Dr Rizvi said minorities in Bangladesh are not only sacred as they are “absolute equal citizens” of this country.
So, he said, there is no question whatsoever that their interests in a secular Bangladesh society can be affected. “The government attaches the highest priority to the protection and welfare of our minority citizens.”
The foreign affairs expert assured all that there is no way they will look away if their minorities are affected in any possible way.
He mentioned that minorities in Bangladesh have invaluable contributions to growth and development of Bangladesh and the government is committed to providing them equal opportunities. “We’re committed to Agenda 2030…nobody will be left behind.”
Dr Rizvi said much has been achieved together and the two countries have created a relationship which would be envy of any two neighbours in the world and the two countries have resolved issues in a peaceful manner.
“We need to look forward, ours is a long-term relationship. We need to find long-term solutions to all the problems,” he said.
Dr Rizvi described India's National Register of Citizens (NRC) issue as a burning one but expected it to remain as an internal or domestic affair of the neighbouring country as stated repeatedly by Indian Prime Minister Narendra Modi having no impact on Bangladesh.
"We’ve accepted that (repeated assurances) and we’ve good reasons to believe we shouldn’t worry [about]," he said.
He termed "heavenly" the Dhaka-Delhi ties saying the two neighbours by now resolved the seven-decade-old land boundary disputes in a peaceful manner, setting an example for other parts of the globe though there are some outstanding issues.
Dr Rizvi said he was unhappy with the existing pace of progress in resolving the outstanding issues which two countries have agreed previously.
He said opportunities will be lost in delays and urged to expedite the implementation of the initiatives under the Indian Line of Credit.
BIISS Chairman Ambassador Fazlul Karim, Indian High Commissioner Riva Ganguly Das and acting Director General of BIISS Colonel Sheikh Masud Ahmed also spoke at the programme.
Shringla arrived here on a brief visit on Monday morning.
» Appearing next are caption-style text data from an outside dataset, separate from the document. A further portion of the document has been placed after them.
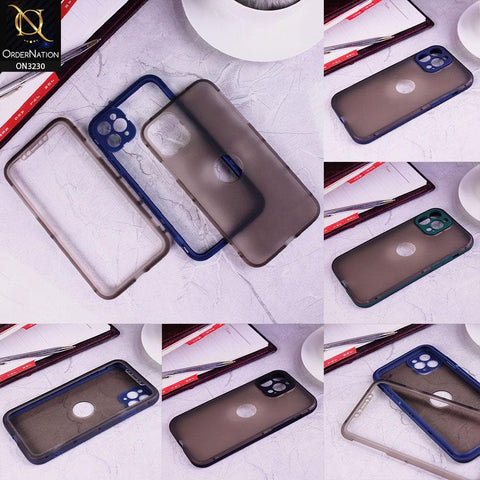 Oppo A95 4G Cover - Black - 360 3 in 1 Soft and Hard Skid Proof Protective Case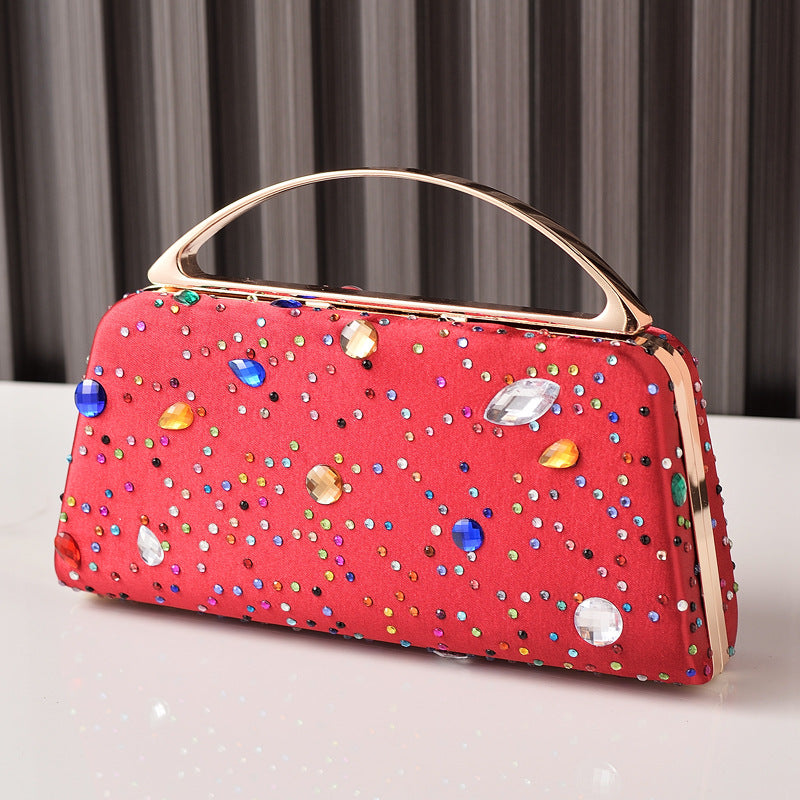 Rhinestone Dinner Silk Diamond Decorations Party Bags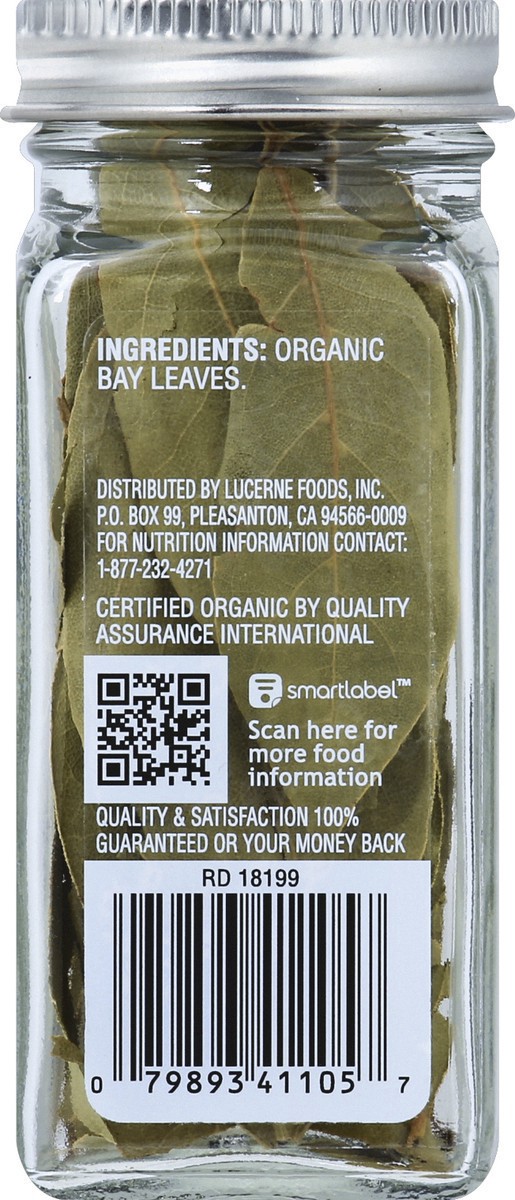 slide 2 of 7, O Organics Organic Bay Leaves, 0.15 oz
Foreign Secretary Masud Bin Momen received Shringla upon arrival at Hazrat Shahjalal International Airport.
The Indian Foreign Secretary met Foreign Minister Dr AK Abdul Momen and conveyed that India is looking forward to a successful visit of Prime Minister Narendra Modi later in the month for Mujib Borsho.
Shringla met his counterpart Foreign Secretary Masud Bin Mamun and had “warm and friendly” discussions on the Bangladesh-India partnership and plans for Prime Minister Narendra Modi’s visit.
The Indian Foreign Secretary met Awami League General Secretary and Minister of Road, Transport and Bridges Obaidul Quader.
They agreed that the bilateral relationship is of the highest priority for both governments, and on the need for efforts to continue to strengthen this partnership.
The Indian Foreign Secretary is scheduled to leave Dhaka for New Delhi on Tuesday morning.